▶ The task: Copy the listing below exactly. Pictures stay out of it.

(Stored data Opens)

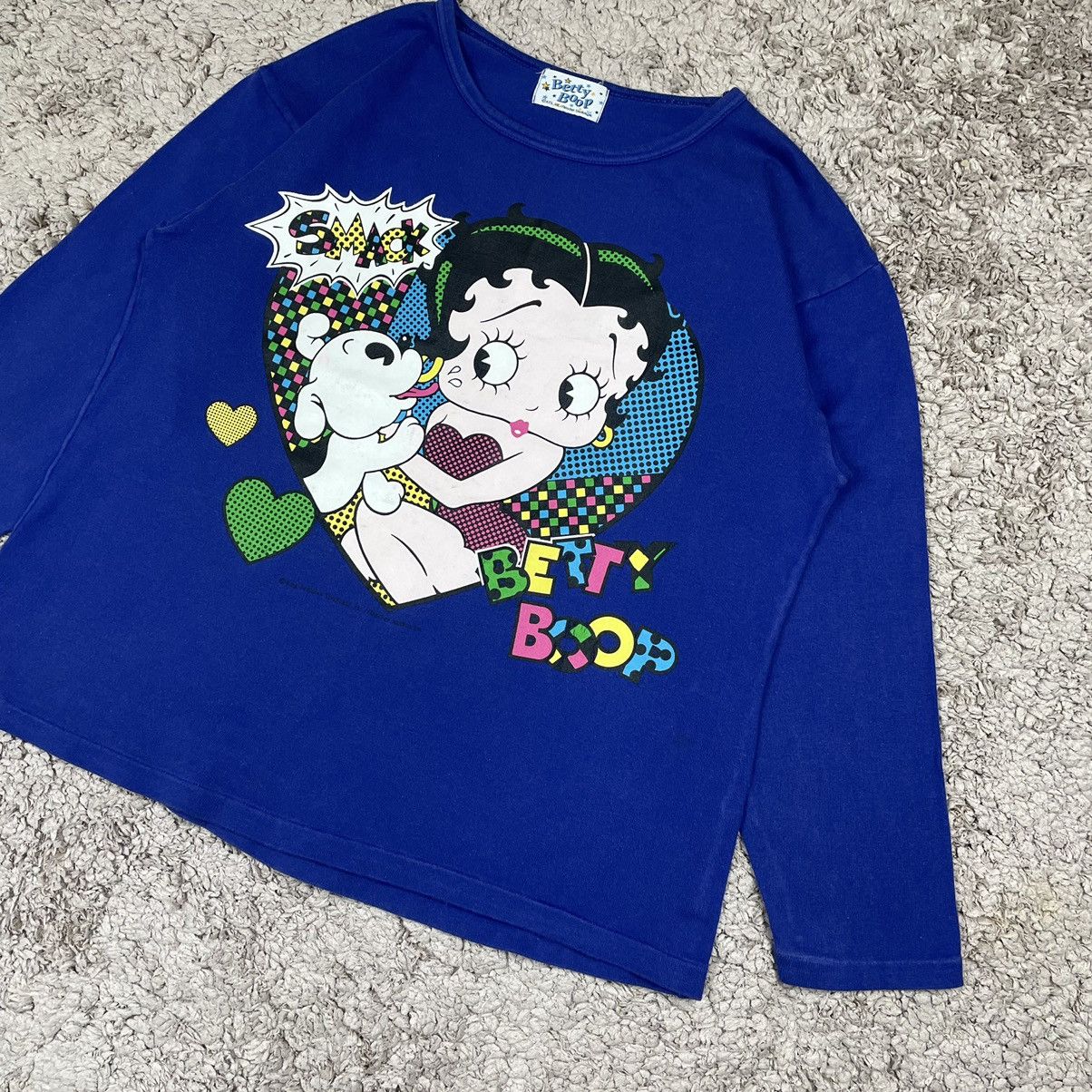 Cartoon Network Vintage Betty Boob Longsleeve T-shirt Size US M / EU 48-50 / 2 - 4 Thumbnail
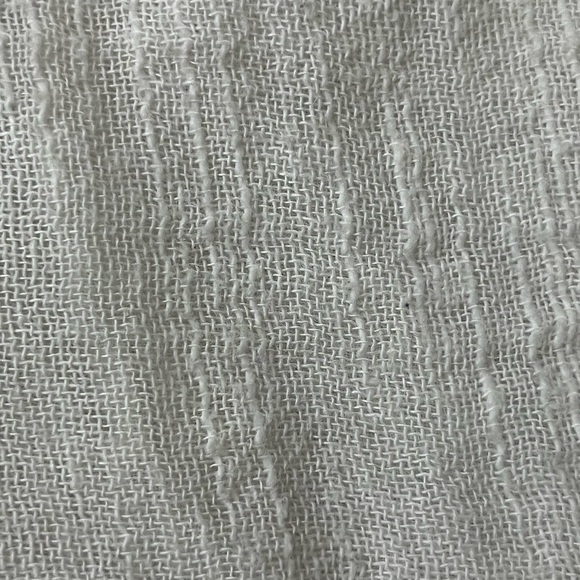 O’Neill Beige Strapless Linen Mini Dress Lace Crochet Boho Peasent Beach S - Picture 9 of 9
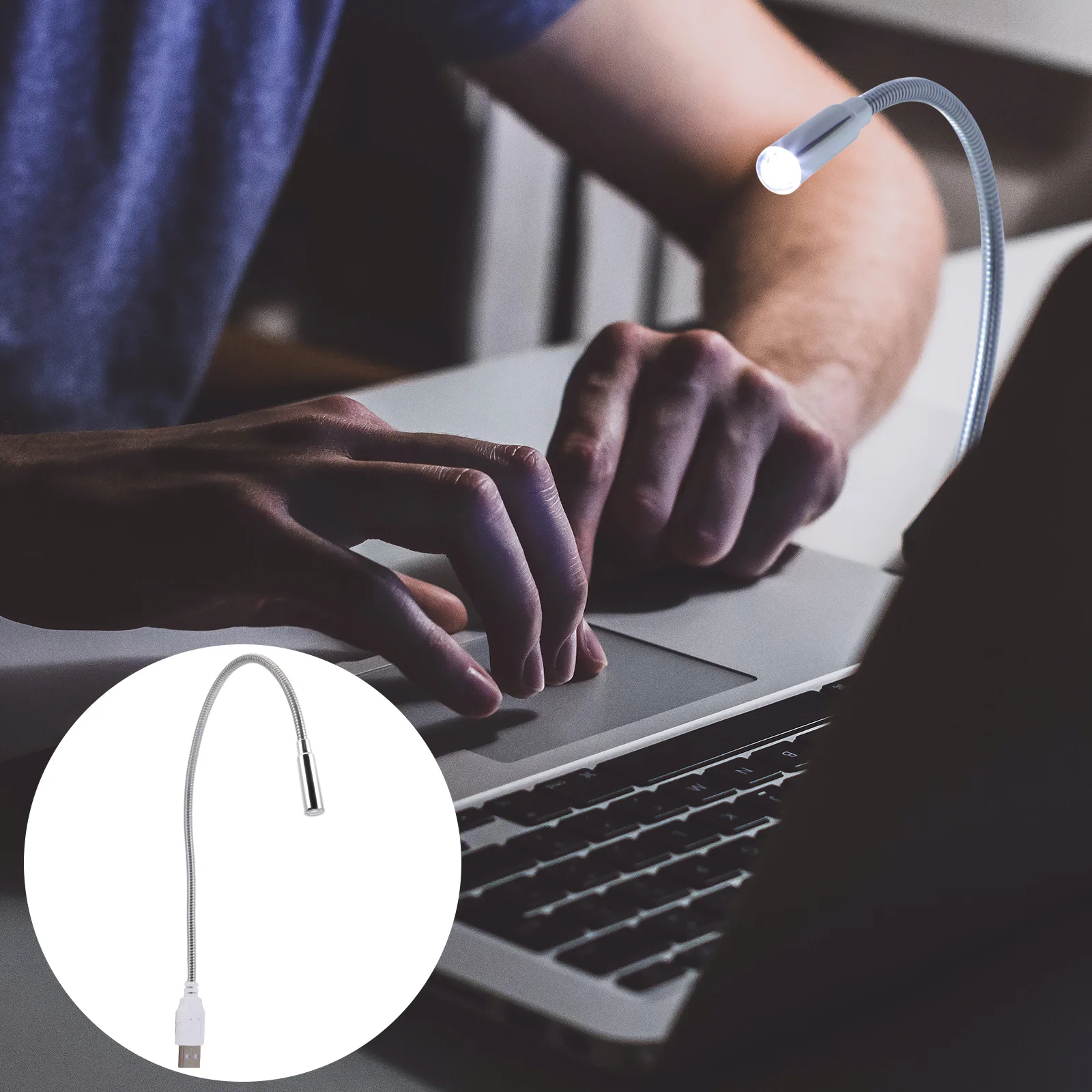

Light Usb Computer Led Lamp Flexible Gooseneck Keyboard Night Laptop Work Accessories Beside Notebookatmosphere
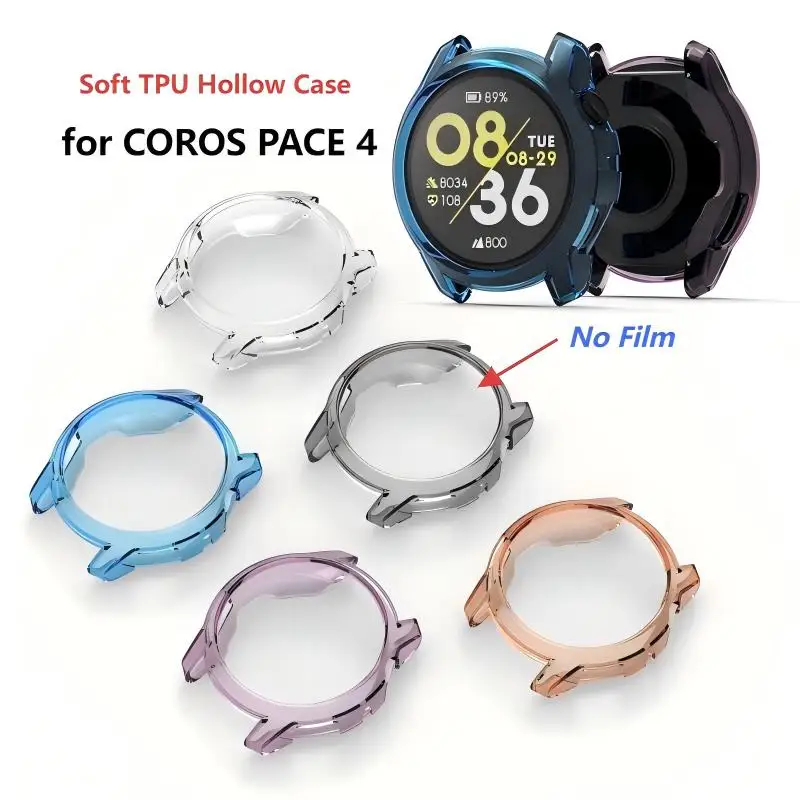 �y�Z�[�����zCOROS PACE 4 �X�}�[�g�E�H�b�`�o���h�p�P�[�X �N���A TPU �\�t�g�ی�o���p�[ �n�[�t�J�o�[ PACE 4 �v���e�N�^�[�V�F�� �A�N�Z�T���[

(Stored data Closes)

▶ Response to the exercise:
 Cartoon Network Vintage Betty Boob Longsleeve T-shirt Size US M / EU 48-50 / 2 - 4 Thumbnail
 O’Neill Beige Strapless Linen Mini Dress Lace Crochet Boho Peasent Beach S - Picture 9 of 9

Light Usb Computer Led Lamp Flexible Gooseneck Keyboard Night Laptop Work Accessories Beside Notebookatmosphere
 �y�Z�[�����zCOROS PACE 4 �X�}�[�g�E�H�b�`�o���h�p�P�[�X �N���A TPU �\�t�g�ی�o���p�[ �n�[�t�J�o�[ PACE 4 �v���e�N�^�[�V�F�� �A�N�Z�T���[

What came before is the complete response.